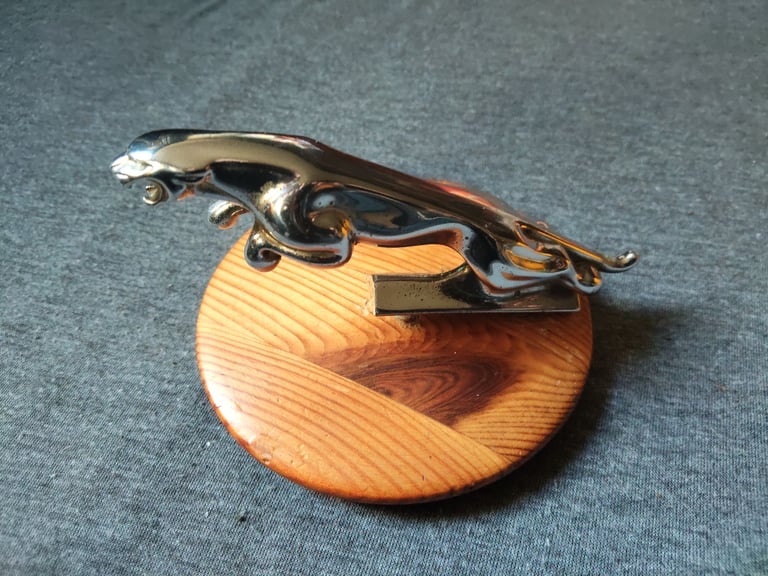 image for Jaguar hood ornament 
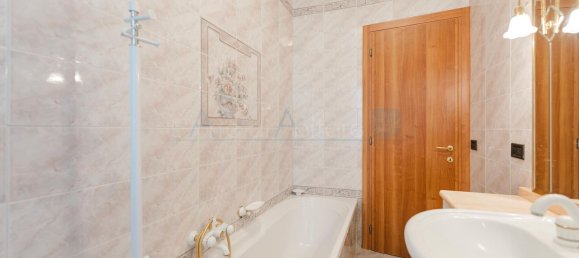5 rooms Apartment in Mira, Italy No. 308040 26
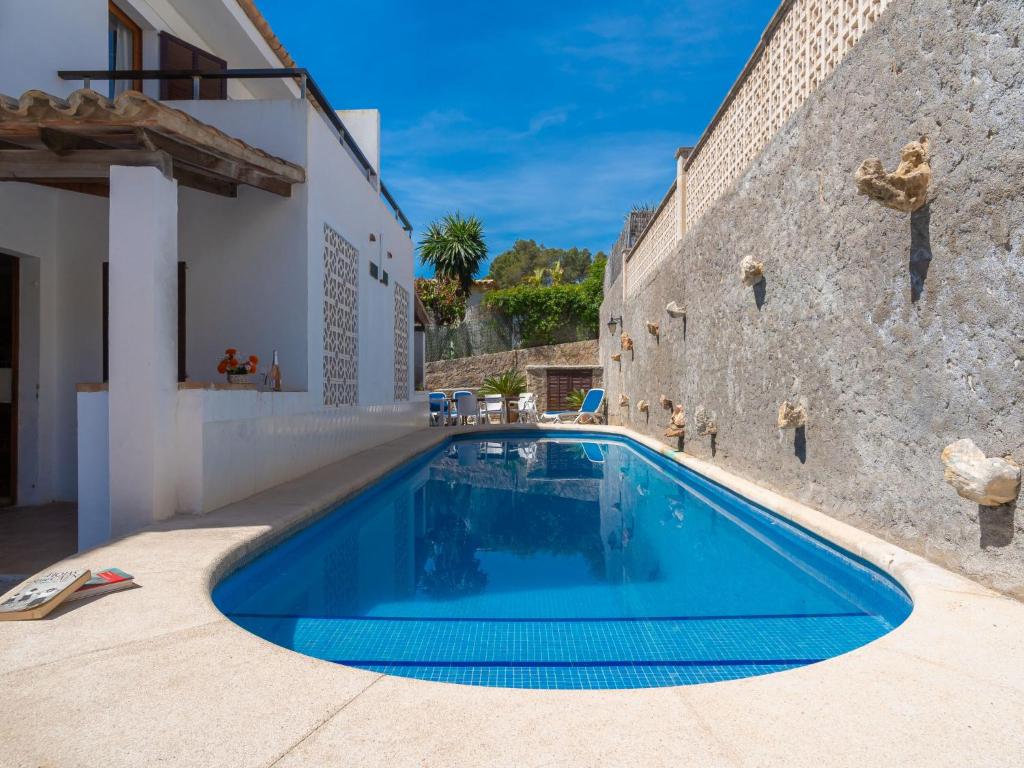 Holiday Home Clara R by Interhome Holiday Home Clara R by Interhome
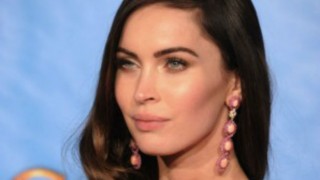 Megan Fox not calling off divorce? Megan Fox not calling off divorce?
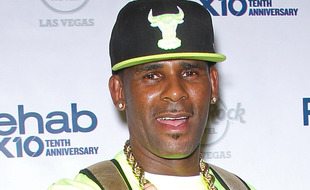 Le chanteur de R&B R. Kelly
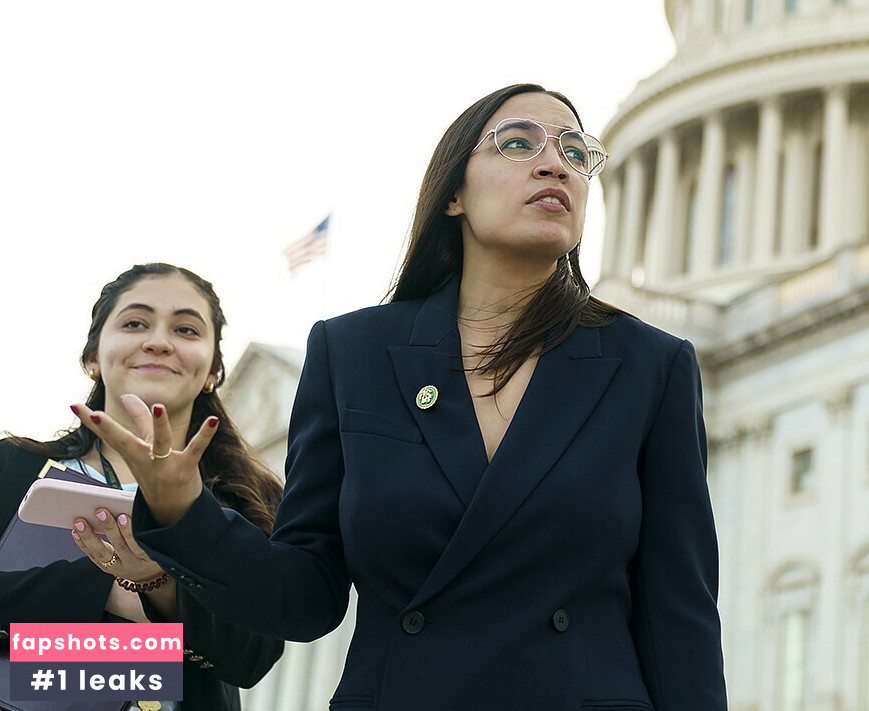 Alexandria Ocasio-Cortez gallery photo #8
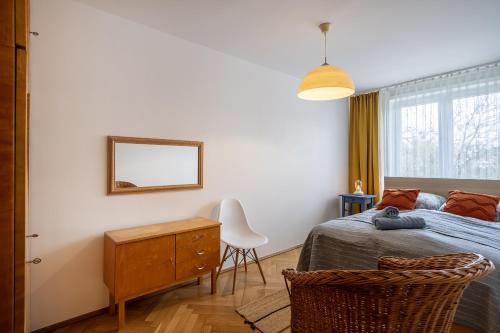 1 dormitorio con cama, tocador y espejo en 20 Apart - Mieszkanie dla 4 osób, en Gdynia
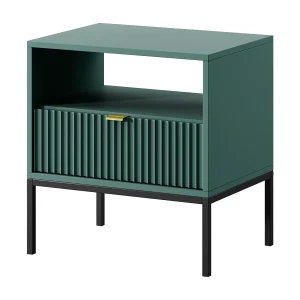 Elegante nachttafel Nova – Ontwerp met gouden handgreep, Geriffelde voorkant, Praktisch & Modern, 54x56x39 cm, Mat labrador, Zwarte metalen poten Elegante nachttafel Nova – Ontwerp met gouden handgreep, Geriffelde voorkant, Praktisch & Modern, 54x56x39 cm, Mat labrador, Zwarte metalen poten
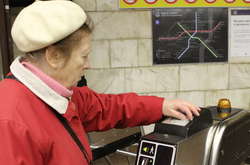 З 1 грудня в київському метро вводяться зміни для проїзду пільговиків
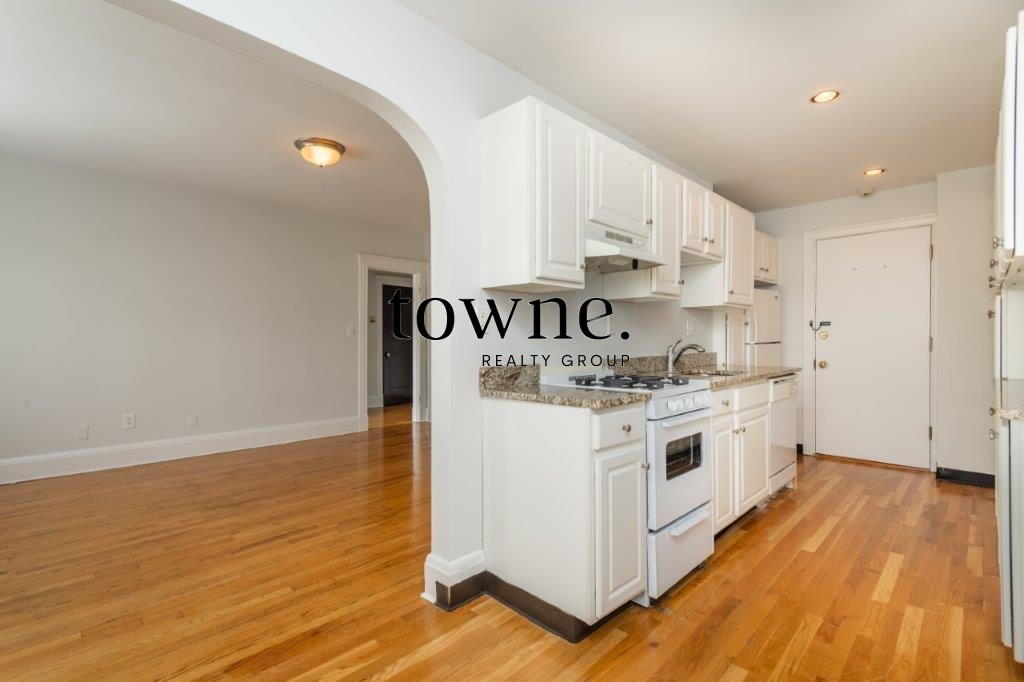 123 Highland Ave, Prospect Hill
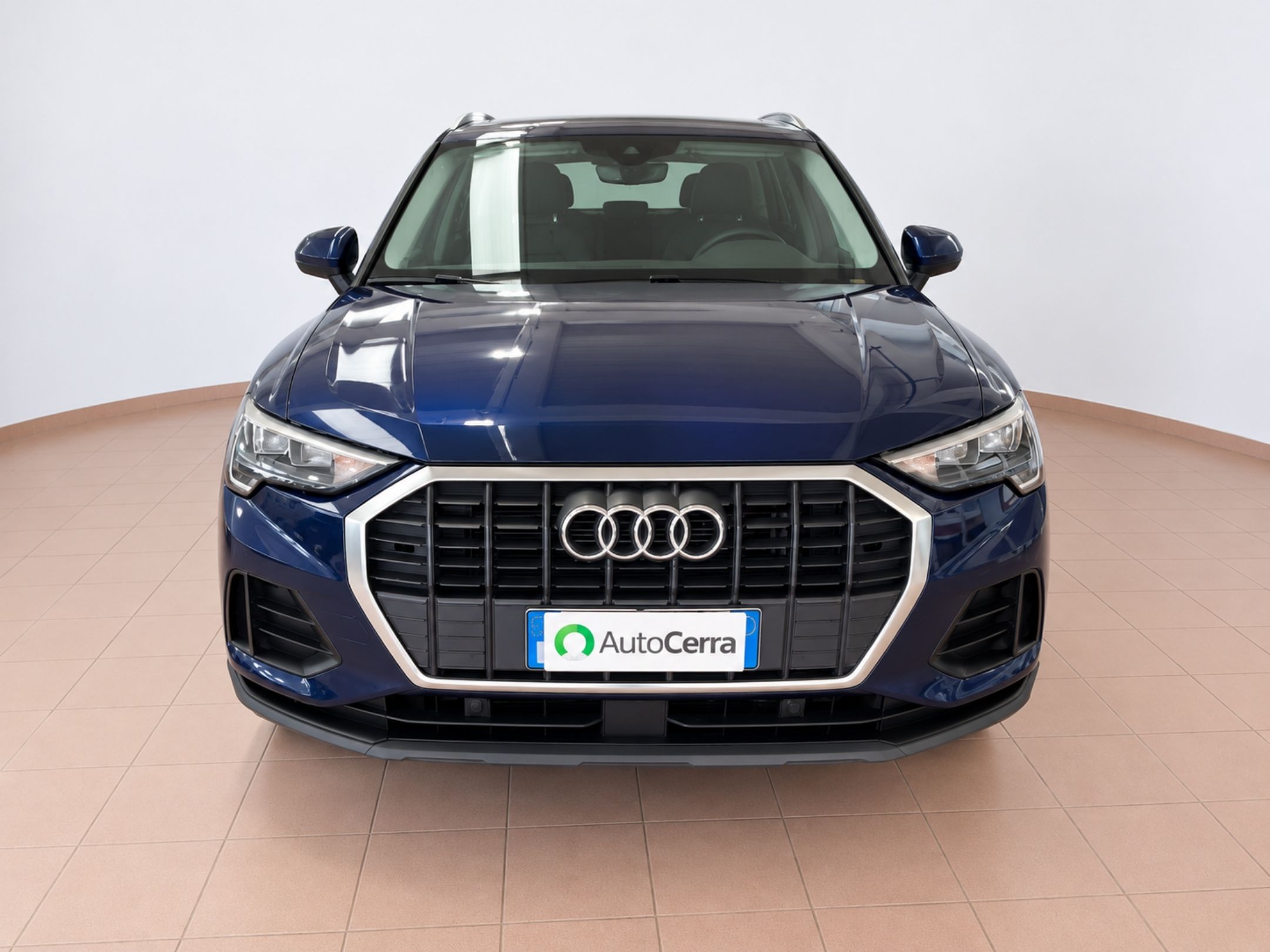 ---IN ARRIVO--- AUDI Q3 SUV 35 TDI S TRONIC BUSINESS - 947 - 2 - AutoCerra - Concessionaria | Officina a Lamezia Terme —IN ARRIVO— AUDI Q3 SUV 35 TDI S TRONIC BUSINESS – 947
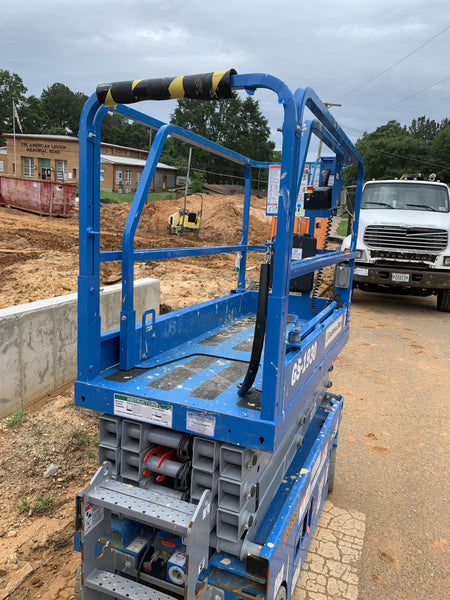 2020 Genie GS-1930 Fixed rails with chain entry gate - Pre A92.20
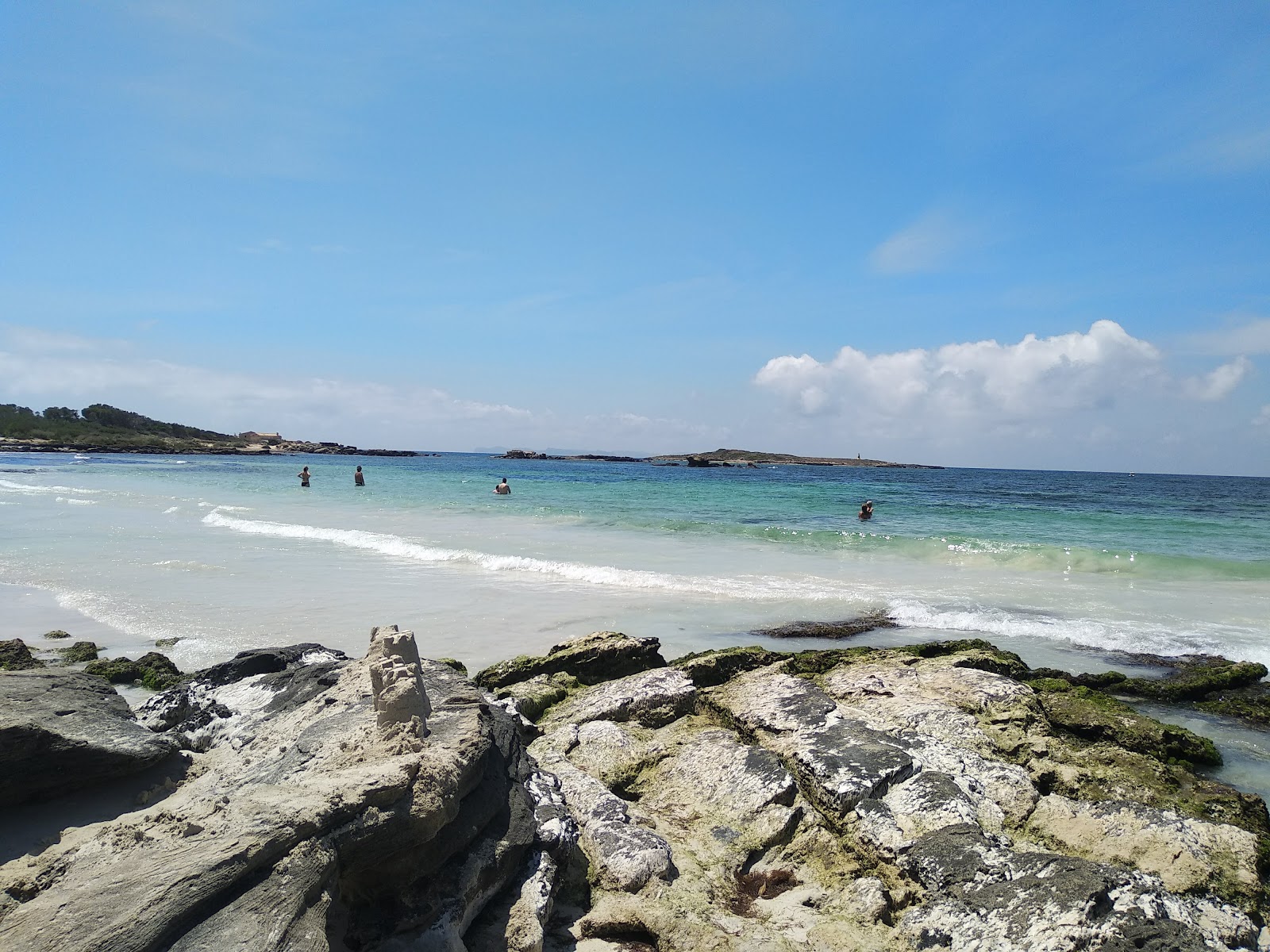 Foto van Dolc Strand gelegen in een natuurlijk gebied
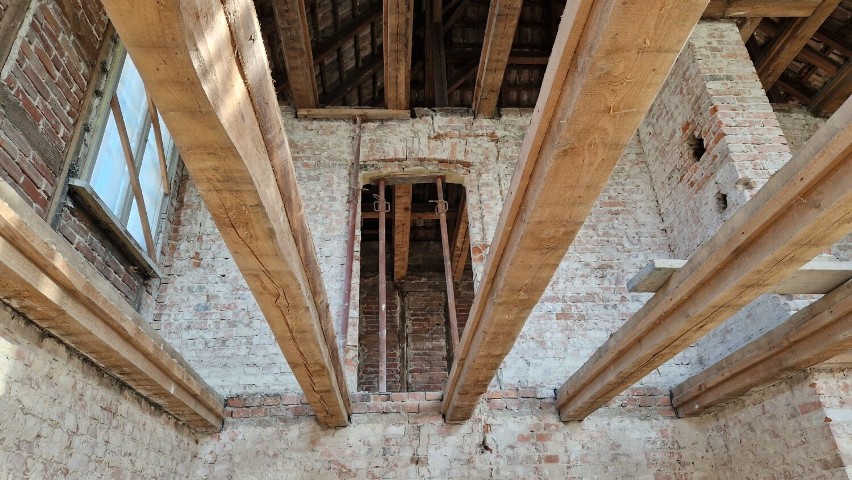 Remont zabytkowego budynku w Dziewkowicach pochłonie 1 mln zł. Mieszkańcy pomogli w zdobyciu pieniędzy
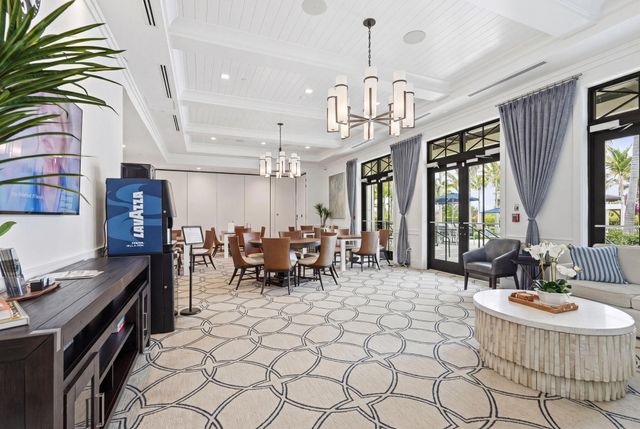 10550 Northbrook Circle, Palm Beach Gardens, FL 33412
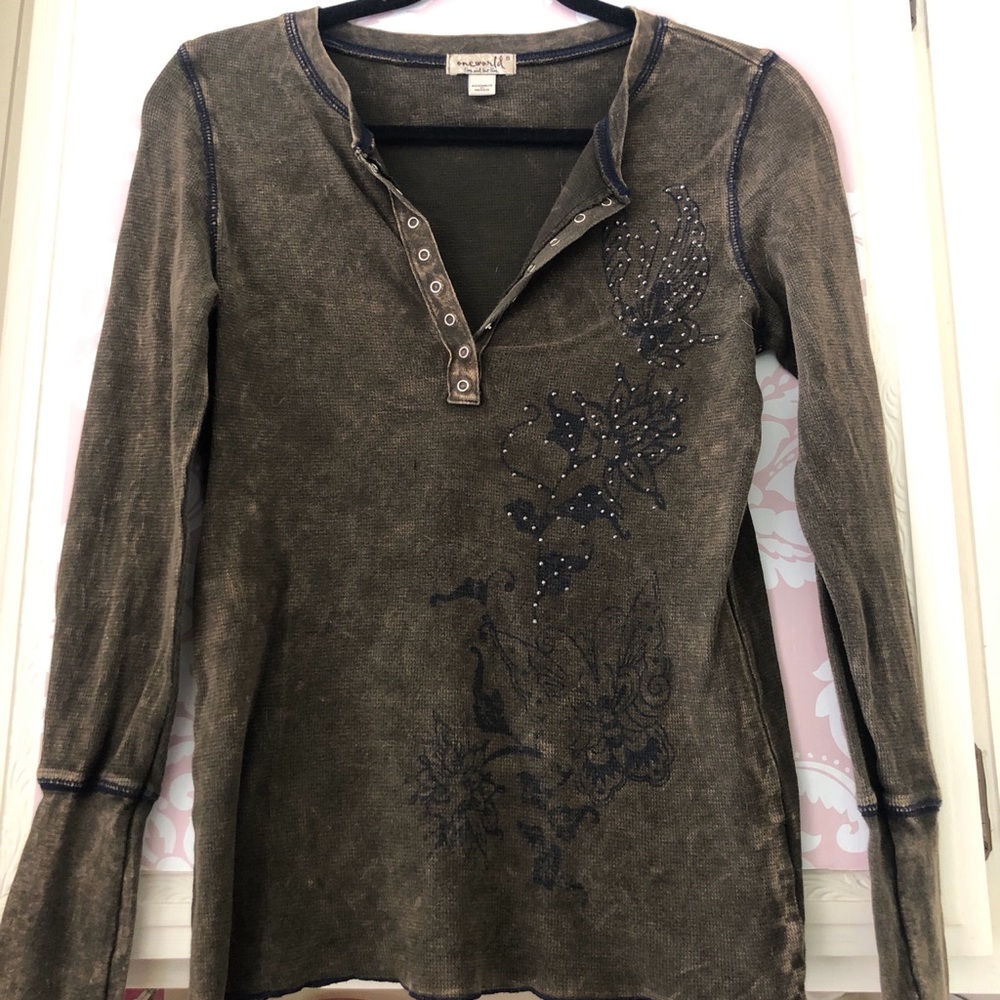 One world butterfly floral long sleeve top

====

**PROBLEM STATEMENT**: Transcribe each entry above exactly, apart from the pictures.

**EXPECTED ANSWER**:
 image for Jaguar hood ornament 
5 rooms Apartment in Mira, Italy No. 308040 26
 Holiday Home Clara R by Interhome Holiday Home Clara R by Interhome
 Megan Fox not calling off divorce? Megan Fox not calling off divorce?
 Le chanteur de R&B R. Kelly
 Alexandria Ocasio-Cortez gallery photo #8
 1 dormitorio con cama, tocador y espejo en 20 Apart - Mieszkanie dla 4 osób, en Gdynia
 Elegante nachttafel Nova – Ontwerp met gouden handgreep, Geriffelde voorkant, Praktisch & Modern, 54x56x39 cm, Mat labrador, Zwarte metalen poten Elegante nachttafel Nova – Ontwerp met gouden handgreep, Geriffelde voorkant, Praktisch & Modern, 54x56x39 cm, Mat labrador, Zwarte metalen poten
 З 1 грудня в київському метро вводяться зміни для проїзду пільговиків
 123 Highland Ave, Prospect Hill
 ---IN ARRIVO--- AUDI Q3 SUV 35 TDI S TRONIC BUSINESS - 947 - 2 - AutoCerra - Concessionaria | Officina a Lamezia Terme —IN ARRIVO— AUDI Q3 SUV 35 TDI S TRONIC BUSINESS – 947
 2020 Genie GS-1930 Fixed rails with chain entry gate - Pre A92.20
 Foto van Dolc Strand gelegen in een natuurlijk gebied
 Remont zabytkowego budynku w Dziewkowicach pochłonie 1 mln zł. Mieszkańcy pomogli w zdobyciu pieniędzy
 10550 Northbrook Circle, Palm Beach Gardens, FL 33412
 One world butterfly floral long sleeve top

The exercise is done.